**Task to complete**. The required output holds only the lines from the one containing "Sneakers Chanel in" through the end of the material below, copied exactly, please, with no pictures.

**Entries shown**.
▽

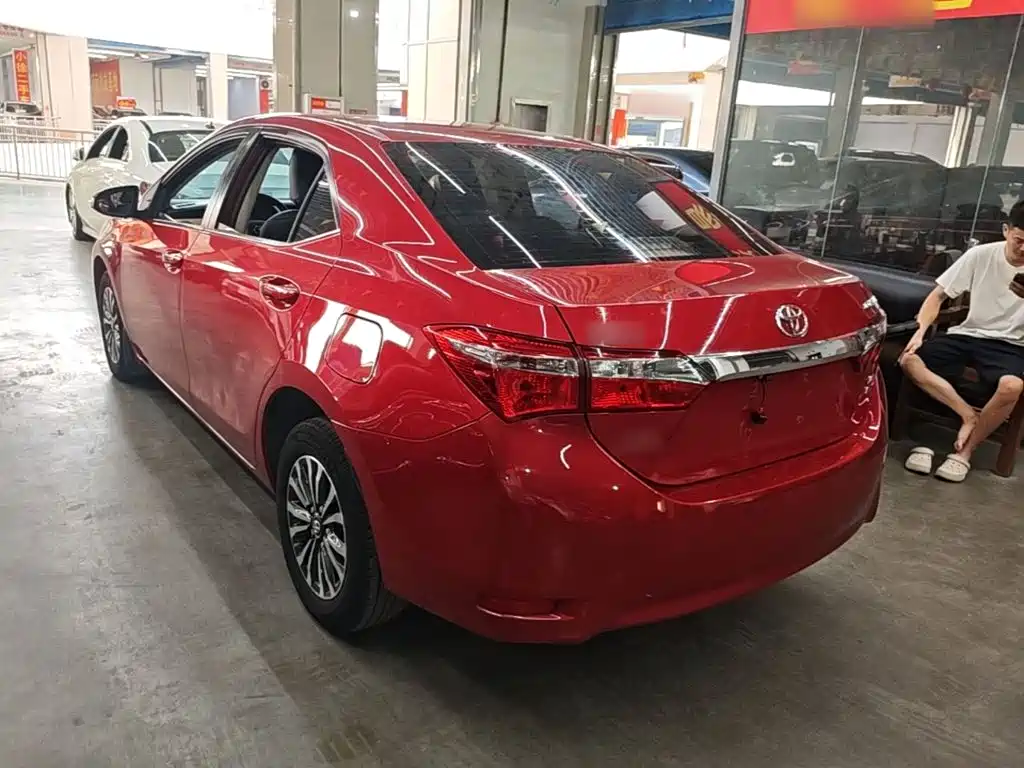 Toyota Corolla — миниатюра 5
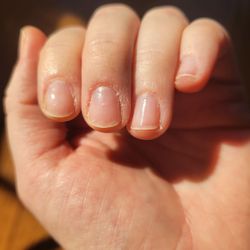 Atelier - Bad manicure.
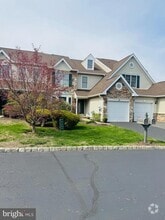 Building Photo - 242 Patriot Hill Dr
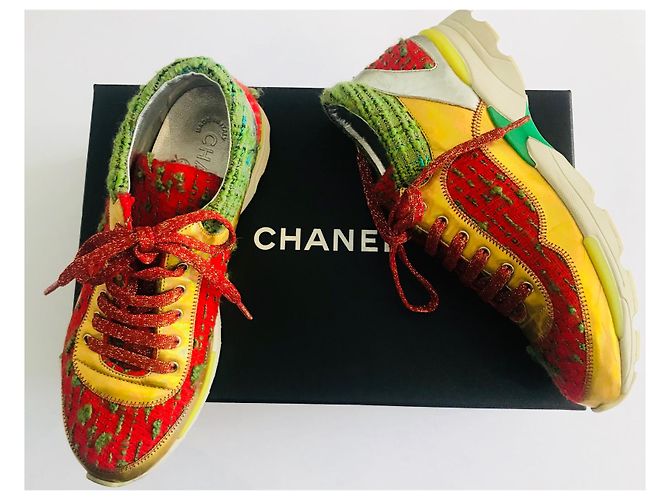 Sneakers Chanel in tweed e pelle metallizzata rosso verde oro D'oro - vista 2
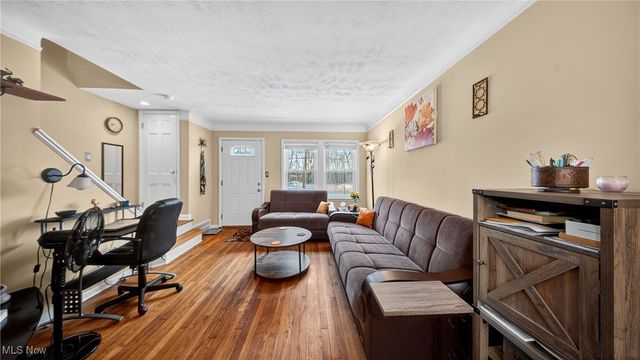 2684 Wooster Road, Rocky River, OH 44116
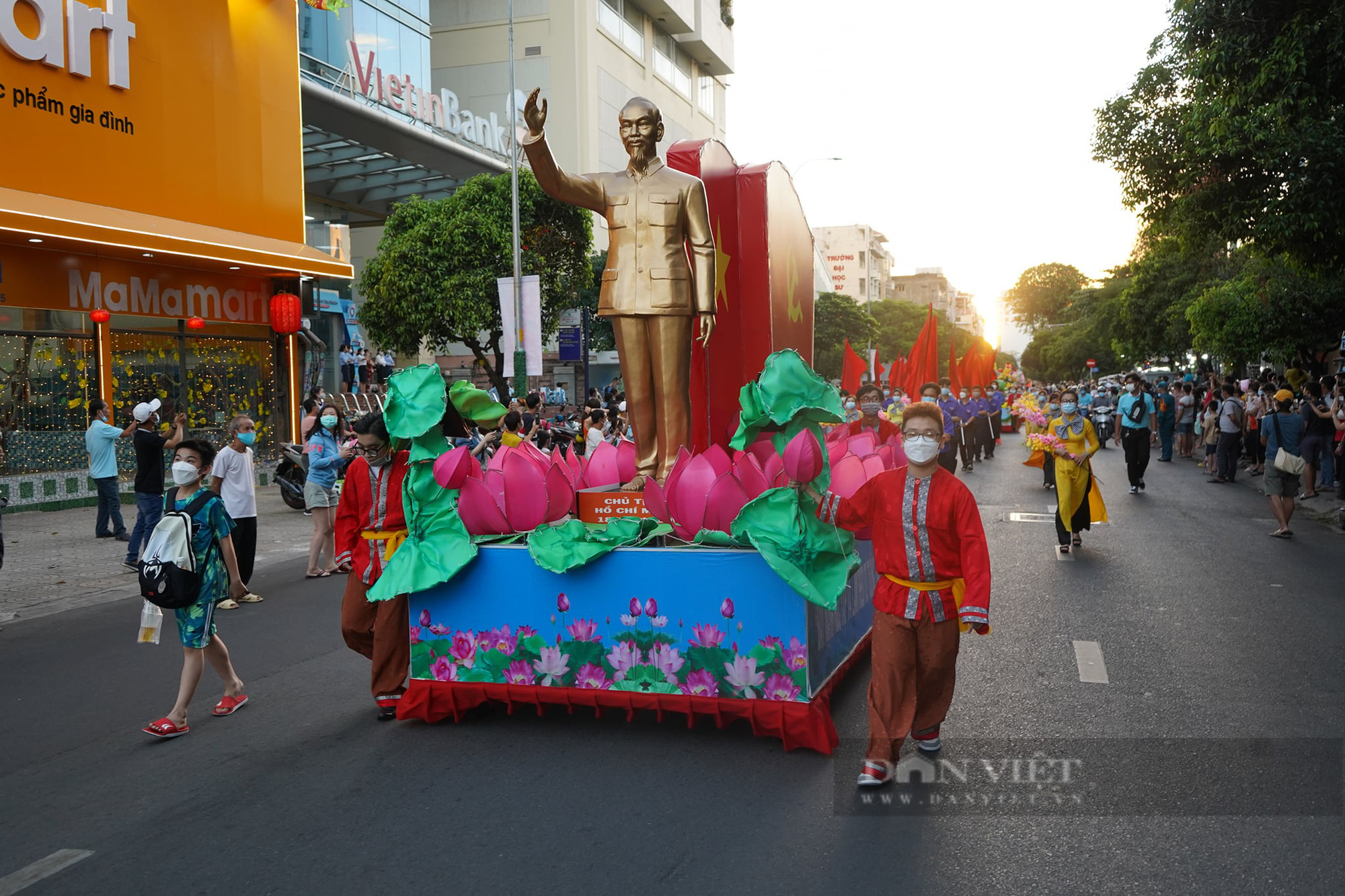 Ảnh: Tưng bừng lễ hội mừng Tết Nguyên tiêu tại TP.HCM - Ảnh 3.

△

**Exercise response**.
 Sneakers Chanel in tweed e pelle metallizzata rosso verde oro D'oro - vista 2
 2684 Wooster Road, Rocky River, OH 44116
 Ảnh: Tưng bừng lễ hội mừng Tết Nguyên tiêu tại TP.HCM - Ảnh 3.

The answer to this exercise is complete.